The Midcontinent added 5 cents to $3.55 and the Midwest rose by 7 cents to $3.78. East Texas tacked on 9 cents to $3.62. South Texas, South Louisiana, and California all added 11 cents to $3.63, $3.65, and $3.78, respectively.
November futures rose 27.0 cents to $3.776.
Futures traders don’t have a solid feel for the market’s next move. “We got a little buying at the end of the day. There were some weather forecasts floating around calling for cold weather in the 11- to 15-day period, and maybe this thing has some legs to it,” said a New York floor trader. “Maybe we go to $4, but the way it is set up it looks like it will trade next week to $3.85 to $3.90.”
Legs are just what analysts have in mind. Jim Ritterbusch of Ritterbusch and Associates looks for a supportive weather outlook to maintain a firm market.
“This week’s price advance has stalled following [Thursday’s] failure off of expected resistance at the $3.80 level and the market’s lack of response to a seemingly supportive storage figure. However, updated cold temperature forecasts are reviving buying interest this morning and fresh highs remain on the table,” he said in a Friday morning report to clients.
“While further expansion in the storage overage against five-year average levels may prove difficult within EIA reports to be issued later this month, we feel that the market will need to contend with another above-normal injection [report] [this] week based on [last] week’s generally mild temperature trends.”
Traders Thursday were closely watching the 10:30 a.m. EDT release of storage data by the Energy Information Administration. Last year 73 Bcf was injected, and the five-year average stood at 84 Bcf. Estimates were centered in the mid-90s Bcf area. IAF Advisors of Houston calculated a build of 92 Bcf, and a Reuters survey of 26 traders and analysts showed an average 94 Bcf increase. Bentek Energy’s flow model predicted an increase of 87 Bcf.

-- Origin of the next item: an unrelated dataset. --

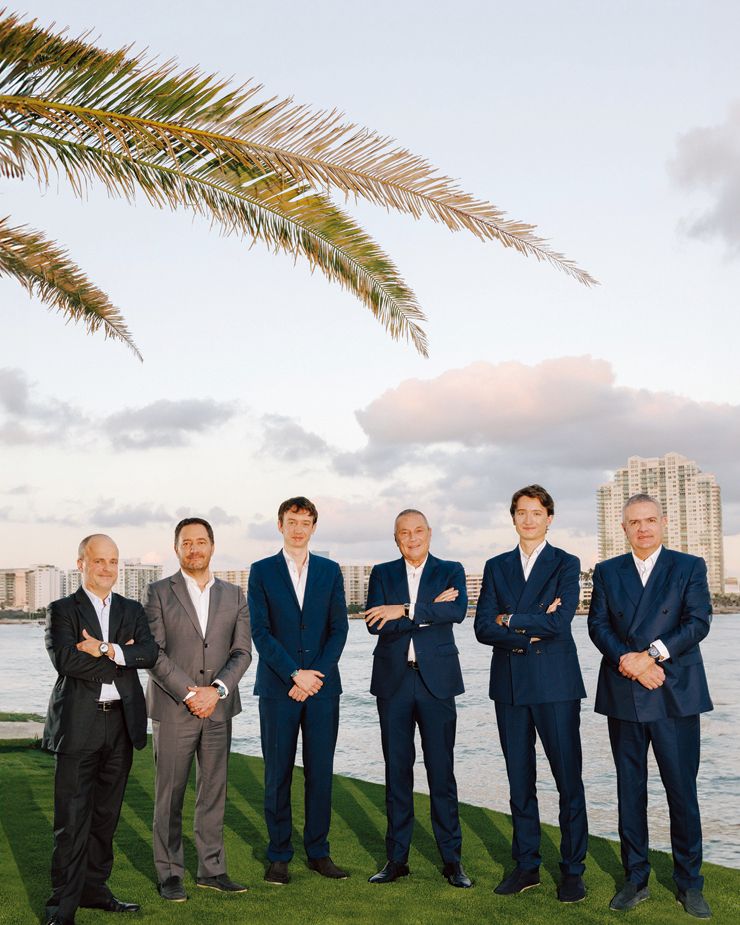  왼쪽부터 제니스 CEO 베누아 드 클레르크, 태그호이어 CEO 줄리앙 토나레, LVMH 워치스 CEO 프레데릭 아르노, 불가리 CEO 장 크리스토프 바뱅, 루이 비통 워치 디렉터 장 아르노, 위블로 CEO 리카르도 과달루페.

The week’s 90 Bcf build helped to whittle away at the deficit to last year and build upon the five-year surplus.
Analysts saw the seemingly bullish figure more as the result of timing in the release of last week’s and this week’s reports. “The 90 Bcf net injection was less than the consensus expectations, in the lower half of the forecast range, but still more than the 84 Bcf five-year average level,” said Tim Evans of Citi Futures Perspective. “The data remains inconsistent from week to week, with last week’s larger-than-expected 101 Bcf build followed by the lower figure. This suggest some possible timing issues between the two reporting periods.”
Inventories now stand at 3,577 Bcf and are 138 Bcf less than last year’s record-setting build and 55 Bcf above the 5-year average. In the East Region 51 Bcf was injected and in the West Region 9 Bcf was added. Inventories in the Producing Region increased by 30 Bcf.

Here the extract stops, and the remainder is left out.